As notícias e manchetes da semana dizem o seguinte: “Os gregos estão a um minuto da meia noite. O governo está à beira do precipício e pode muito bem despencar”. São as negociações entre os primeiros-ministros da Grécia, Alexis Tsipras, e da Alemanha, Angela Merkel, sobre as reformas econômicas que os gregos precisam levar a cabo para receber um auxílio econômico de 7,2 bilhões de euros, atualmente congelado.
Alexis Tsipras alertou Angela Merkel de que será ‘impossível’ cumprir com os pagamentos devidos de sua dívida nas próximas semanas se a União Europeia não der nenhum tipo de assistência financeira de curto prazo para o país.

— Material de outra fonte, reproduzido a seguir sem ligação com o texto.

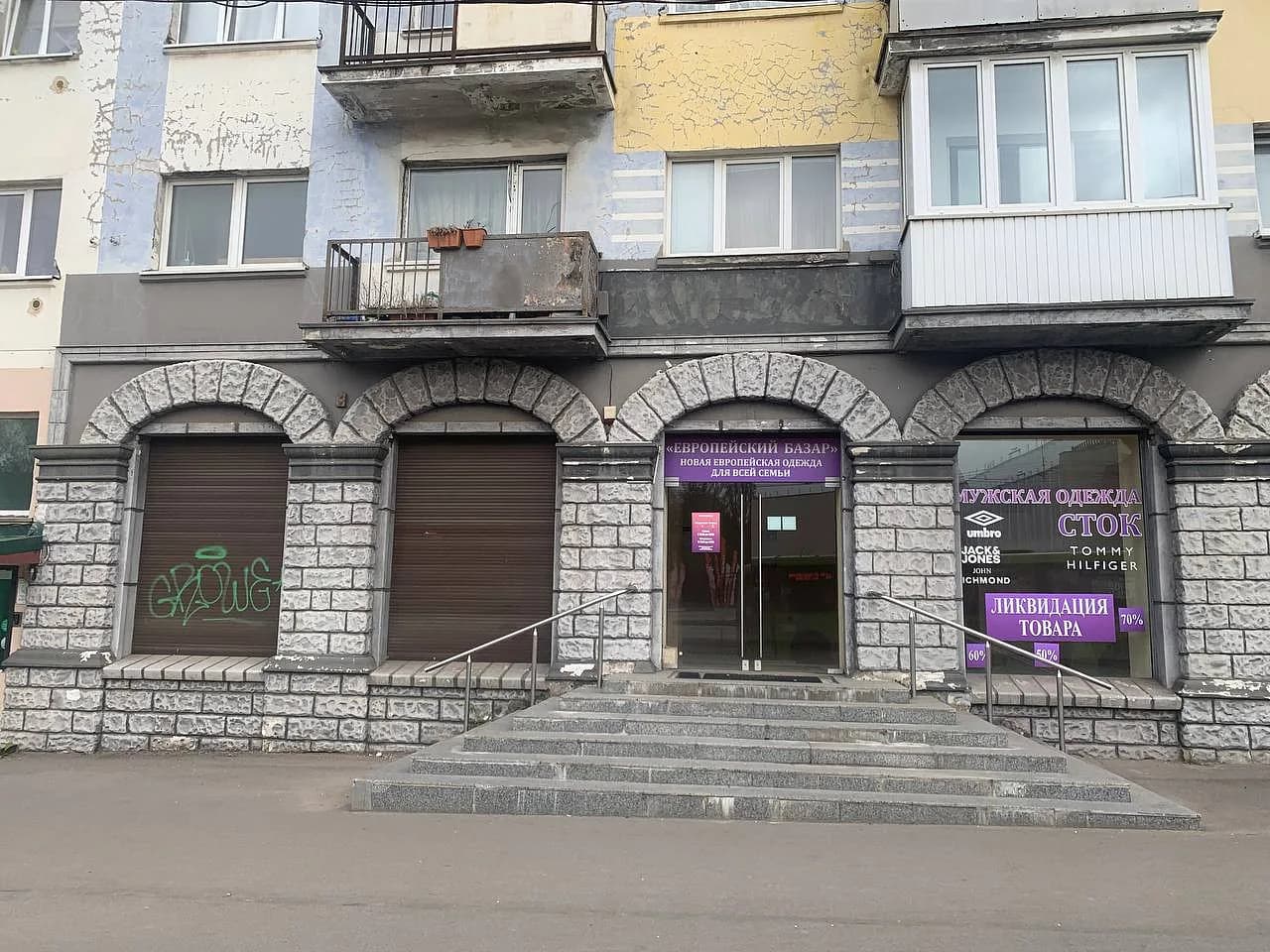 Коммерческая, 123 кв.м., Ленинский проспект, 151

Enquanto isso, o Fórum Social Mundial, cuja primeira edição foi em Porto Alegre em 2001 e que tem como lema “Um Outro Mundo possível”, acontece na Tunísia entre 24 e 28 de março. A tradicional Marcha de Abertura teve como tema “Os Povos unidos pela Liberdade, Igualdade, Justiça social e pela Paz”, feita também em solidariedade aos tunisianos e a todas as vítimas de terrorismo, contra todas as formas de opressão.
Para Danien Hazard, da Abong, “não há nenhuma articulação internacional que tenha esta capacidade de mobilizar tantas organizações. O Fórum continua sendo o maior encontro planetário da sociedade civil.” Segundo Francisco Whitaker, do Comitê Internacional do FSM, é preciso mais que nunca reafirmar que outro mundo é possível. “Se quando foi criado era necessário dizer que há alternativas ao mercado, hoje mais ainda. Os valores do Fórum são respeito à diversidade, cooperação e não competição. O Fórum é cada vez mais necessário”.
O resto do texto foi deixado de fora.